De hecho, la interacción es intenso! Tanto es así que, según los científicos, es la materia oscura la que mantiene unidas a las galaxias, evitando que se dispersen por el cosmos, y casi el 85% de la masa del Universo está formada por ella. Por lo tanto, es comprensible por qué los físicos están tan ansiosos por descubrir qué ejerce tal influencia en el espacio y se dedican a probar teoría tras teoría en busca de respuestas. Pues otra ha sido puesta a prueba recientemente, y por ahora la materia oscura sigue imponiéndose en la categoría de «misterio cósmico indescifrable».
salió mal
La teoría probada esta vez fue la de los «neutrinos estériles» o «neutrinos inertes», unas hipotéticas partículas que solo interactuarían por gravedad -lo que encajaría con la interacción de la materia oscura- y cuya prueba se habría detectado allí hace unos 6 años. , pero cuya existencia no ha sido probada por falta de observaciones posteriores.

De hecho, esta no es la primera vez que los científicos asocian neutrinos, que tienen una carga neutra y una masa muy baja, con la materia oscura. El problema es que el hecho de que estas partículas tengan un un poquito la masa está en conflicto con lo establecido por el Modelo Estándar de la física de partículas. Por eso se planteó la existencia de tales neutrinos inertes, y en 2014 un equipo identificó señales de galaxias vecinas a la nuestra del orden de 3,5 keV (acrónimo de kiloelectronvoltios) que estaban asociadas a partículas.

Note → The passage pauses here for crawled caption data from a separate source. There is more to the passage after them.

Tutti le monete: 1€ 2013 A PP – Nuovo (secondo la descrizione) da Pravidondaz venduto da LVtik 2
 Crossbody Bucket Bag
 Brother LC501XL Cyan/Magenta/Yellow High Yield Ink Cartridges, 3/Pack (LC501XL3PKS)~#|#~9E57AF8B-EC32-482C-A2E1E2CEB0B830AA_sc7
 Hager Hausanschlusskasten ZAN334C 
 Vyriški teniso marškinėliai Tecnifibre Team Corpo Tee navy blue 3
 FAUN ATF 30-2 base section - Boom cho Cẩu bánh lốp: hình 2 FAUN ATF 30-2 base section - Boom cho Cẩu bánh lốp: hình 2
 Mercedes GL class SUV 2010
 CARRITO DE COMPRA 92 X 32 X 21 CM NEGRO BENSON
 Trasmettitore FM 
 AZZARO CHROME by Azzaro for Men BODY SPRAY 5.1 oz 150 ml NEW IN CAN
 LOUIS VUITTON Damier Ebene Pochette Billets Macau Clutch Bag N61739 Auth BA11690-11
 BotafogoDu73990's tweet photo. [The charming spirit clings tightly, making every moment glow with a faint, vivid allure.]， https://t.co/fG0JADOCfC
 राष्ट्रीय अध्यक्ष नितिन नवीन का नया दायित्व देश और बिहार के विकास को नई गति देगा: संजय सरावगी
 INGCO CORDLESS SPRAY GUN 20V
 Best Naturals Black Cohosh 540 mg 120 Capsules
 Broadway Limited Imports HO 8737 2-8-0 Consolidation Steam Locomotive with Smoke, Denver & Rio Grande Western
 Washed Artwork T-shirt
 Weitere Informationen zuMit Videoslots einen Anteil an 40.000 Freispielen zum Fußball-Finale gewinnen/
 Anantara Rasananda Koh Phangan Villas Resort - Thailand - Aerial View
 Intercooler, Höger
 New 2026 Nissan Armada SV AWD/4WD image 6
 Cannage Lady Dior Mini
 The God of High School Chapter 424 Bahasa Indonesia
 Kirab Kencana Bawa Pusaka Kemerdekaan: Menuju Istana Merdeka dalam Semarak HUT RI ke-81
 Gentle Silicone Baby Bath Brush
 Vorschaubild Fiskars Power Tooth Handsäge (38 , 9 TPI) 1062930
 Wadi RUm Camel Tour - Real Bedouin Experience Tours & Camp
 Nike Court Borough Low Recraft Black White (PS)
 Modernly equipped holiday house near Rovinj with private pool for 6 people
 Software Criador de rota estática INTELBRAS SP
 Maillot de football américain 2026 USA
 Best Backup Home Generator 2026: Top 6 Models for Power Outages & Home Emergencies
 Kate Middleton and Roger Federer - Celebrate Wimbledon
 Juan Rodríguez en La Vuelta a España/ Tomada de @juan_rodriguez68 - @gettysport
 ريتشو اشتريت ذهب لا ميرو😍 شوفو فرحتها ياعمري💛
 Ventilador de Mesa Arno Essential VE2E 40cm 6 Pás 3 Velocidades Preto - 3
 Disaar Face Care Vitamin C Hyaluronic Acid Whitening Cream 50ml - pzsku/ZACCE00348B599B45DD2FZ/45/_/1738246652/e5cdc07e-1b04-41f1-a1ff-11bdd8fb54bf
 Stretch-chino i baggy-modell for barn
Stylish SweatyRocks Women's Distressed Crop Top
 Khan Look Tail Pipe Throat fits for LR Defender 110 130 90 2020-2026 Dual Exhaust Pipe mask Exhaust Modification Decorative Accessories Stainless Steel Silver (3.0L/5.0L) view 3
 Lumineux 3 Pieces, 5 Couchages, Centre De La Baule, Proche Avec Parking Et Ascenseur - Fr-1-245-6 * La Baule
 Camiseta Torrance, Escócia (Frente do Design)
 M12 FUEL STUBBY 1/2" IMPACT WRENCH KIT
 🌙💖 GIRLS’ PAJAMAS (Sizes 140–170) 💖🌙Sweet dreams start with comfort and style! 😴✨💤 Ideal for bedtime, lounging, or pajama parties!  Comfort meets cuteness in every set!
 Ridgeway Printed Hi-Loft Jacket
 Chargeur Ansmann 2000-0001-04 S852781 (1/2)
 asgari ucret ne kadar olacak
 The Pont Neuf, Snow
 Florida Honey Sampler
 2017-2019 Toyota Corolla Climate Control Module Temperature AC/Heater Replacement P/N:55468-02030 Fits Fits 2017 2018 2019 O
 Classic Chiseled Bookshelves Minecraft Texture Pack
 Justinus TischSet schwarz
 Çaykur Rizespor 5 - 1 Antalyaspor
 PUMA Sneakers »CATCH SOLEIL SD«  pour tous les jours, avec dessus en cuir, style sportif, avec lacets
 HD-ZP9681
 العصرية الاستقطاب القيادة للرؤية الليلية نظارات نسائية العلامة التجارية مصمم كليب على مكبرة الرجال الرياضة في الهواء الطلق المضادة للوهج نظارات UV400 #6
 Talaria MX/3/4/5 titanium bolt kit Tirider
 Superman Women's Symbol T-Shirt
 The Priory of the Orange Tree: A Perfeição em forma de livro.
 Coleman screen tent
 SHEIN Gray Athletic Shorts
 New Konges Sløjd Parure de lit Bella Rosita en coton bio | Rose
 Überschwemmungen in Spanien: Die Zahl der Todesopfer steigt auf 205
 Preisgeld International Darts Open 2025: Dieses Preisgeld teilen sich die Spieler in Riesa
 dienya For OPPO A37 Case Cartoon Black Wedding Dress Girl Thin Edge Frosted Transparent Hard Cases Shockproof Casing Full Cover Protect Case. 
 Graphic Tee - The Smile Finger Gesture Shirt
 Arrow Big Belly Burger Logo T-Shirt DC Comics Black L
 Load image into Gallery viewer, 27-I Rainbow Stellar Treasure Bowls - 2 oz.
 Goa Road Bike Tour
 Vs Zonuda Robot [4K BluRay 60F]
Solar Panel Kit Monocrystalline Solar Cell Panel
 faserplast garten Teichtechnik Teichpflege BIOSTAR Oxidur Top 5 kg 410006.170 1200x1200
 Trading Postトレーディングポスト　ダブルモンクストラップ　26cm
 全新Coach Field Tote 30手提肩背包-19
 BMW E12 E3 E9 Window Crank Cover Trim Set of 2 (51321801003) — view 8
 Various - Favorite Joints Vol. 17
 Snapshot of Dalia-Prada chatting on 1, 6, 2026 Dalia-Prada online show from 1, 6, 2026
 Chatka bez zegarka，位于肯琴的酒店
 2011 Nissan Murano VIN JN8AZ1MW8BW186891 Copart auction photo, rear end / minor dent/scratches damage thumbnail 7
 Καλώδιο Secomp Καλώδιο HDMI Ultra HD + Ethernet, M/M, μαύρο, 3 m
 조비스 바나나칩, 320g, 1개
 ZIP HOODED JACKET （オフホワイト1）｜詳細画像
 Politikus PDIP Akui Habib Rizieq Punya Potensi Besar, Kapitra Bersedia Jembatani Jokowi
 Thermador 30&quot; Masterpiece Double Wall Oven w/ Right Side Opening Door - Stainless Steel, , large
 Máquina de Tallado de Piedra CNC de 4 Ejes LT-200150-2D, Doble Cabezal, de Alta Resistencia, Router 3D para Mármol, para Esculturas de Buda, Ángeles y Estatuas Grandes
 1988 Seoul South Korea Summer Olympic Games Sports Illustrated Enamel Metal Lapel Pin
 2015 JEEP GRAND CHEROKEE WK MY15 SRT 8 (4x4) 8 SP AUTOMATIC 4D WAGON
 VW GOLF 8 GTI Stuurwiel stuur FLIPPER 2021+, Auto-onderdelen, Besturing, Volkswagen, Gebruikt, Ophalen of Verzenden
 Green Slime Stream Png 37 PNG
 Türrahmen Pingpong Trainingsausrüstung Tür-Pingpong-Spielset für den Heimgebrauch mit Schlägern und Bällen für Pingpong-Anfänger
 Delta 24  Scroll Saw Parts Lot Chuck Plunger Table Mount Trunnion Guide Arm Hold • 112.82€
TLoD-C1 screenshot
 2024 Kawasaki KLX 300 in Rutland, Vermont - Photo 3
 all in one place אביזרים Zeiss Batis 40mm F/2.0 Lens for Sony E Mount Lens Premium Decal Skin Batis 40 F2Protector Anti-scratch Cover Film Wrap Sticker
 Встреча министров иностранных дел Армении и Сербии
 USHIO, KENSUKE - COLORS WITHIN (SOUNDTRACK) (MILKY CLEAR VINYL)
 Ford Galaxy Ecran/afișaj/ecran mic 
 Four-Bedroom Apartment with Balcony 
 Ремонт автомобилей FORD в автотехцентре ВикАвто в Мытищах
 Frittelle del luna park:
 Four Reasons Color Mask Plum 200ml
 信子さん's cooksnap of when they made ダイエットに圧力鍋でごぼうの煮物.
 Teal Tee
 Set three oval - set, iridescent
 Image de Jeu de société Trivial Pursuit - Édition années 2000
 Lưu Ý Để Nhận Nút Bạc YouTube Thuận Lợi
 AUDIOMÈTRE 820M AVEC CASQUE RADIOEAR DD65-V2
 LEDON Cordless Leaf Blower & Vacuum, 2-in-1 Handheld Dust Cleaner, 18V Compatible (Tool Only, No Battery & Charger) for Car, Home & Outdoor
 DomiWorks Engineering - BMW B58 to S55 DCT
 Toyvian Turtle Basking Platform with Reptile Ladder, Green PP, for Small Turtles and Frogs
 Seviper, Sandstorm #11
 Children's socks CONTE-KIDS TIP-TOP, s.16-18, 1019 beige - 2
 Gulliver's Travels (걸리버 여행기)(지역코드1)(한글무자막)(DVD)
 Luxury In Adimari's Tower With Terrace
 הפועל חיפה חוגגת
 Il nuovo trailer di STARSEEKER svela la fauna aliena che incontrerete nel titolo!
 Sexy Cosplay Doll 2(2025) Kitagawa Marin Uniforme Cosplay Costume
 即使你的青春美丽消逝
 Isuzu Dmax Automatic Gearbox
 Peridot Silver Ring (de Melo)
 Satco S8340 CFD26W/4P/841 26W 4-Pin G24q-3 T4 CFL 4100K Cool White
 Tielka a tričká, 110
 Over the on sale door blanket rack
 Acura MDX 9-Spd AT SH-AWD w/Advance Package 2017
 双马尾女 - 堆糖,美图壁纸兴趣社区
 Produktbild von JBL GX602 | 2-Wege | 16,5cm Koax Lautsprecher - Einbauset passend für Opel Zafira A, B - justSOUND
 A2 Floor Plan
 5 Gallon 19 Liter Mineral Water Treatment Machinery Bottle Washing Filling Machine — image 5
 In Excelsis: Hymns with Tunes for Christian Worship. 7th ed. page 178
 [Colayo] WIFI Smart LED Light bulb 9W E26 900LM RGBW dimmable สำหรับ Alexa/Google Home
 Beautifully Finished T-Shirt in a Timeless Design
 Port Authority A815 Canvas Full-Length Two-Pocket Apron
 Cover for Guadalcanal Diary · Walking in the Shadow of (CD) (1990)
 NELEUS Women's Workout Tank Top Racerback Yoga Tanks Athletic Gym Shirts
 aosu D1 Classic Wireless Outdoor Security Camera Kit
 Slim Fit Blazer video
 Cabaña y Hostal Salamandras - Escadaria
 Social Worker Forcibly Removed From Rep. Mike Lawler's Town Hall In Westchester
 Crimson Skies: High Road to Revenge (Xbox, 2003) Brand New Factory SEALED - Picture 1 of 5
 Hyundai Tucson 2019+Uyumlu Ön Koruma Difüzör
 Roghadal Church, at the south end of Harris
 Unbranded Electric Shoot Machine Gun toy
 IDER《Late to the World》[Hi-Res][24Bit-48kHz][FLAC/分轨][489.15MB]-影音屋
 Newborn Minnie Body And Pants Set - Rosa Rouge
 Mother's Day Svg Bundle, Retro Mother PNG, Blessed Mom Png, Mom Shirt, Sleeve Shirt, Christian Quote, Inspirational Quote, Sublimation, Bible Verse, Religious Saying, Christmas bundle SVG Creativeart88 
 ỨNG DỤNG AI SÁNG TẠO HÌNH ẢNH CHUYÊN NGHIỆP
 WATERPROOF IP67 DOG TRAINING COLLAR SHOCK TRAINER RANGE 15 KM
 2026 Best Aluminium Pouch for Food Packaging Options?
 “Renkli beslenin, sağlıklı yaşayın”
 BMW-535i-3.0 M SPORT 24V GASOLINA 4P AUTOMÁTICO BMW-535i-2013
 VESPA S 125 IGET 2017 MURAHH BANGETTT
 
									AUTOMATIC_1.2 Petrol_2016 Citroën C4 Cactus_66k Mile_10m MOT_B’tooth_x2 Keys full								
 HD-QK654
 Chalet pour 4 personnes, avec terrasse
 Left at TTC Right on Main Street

En ese momento, los científicos sugirieron que esta señal de energía podría ser generada por la descomposición de estos neutrinos estériles. Así, durante las pruebas que ahora se llevan a cabo, los físicos han analizado nada menos que 20 años de observaciones realizadas por el multiespejo de rayos X de Newton, el mayor telescopio espacial operativo de la Agencia Espacial Europea, y esperábamos encontrar estas mismas señales en los bordes de la Vía Láctea, ya que, según las observaciones, la materia oscura parece acumularse alrededor de las galaxias.
Pero, desafortunadamente, los físicos no pudieron encontrar ningún rastro de los neutrinos inertes, lo que echó por tierra otro intento de detectar materia oscura. Es importante tener en cuenta que el hecho de que los científicos no hayan identificado neutrinos estériles no descarta por completo la posibilidad de que existan o estén relacionados con el origen de la materia oscura. Sin embargo, los investigadores tendrán que pensar en otros métodos y teorías para probar en un intento de desentrañar este obstinado enigma.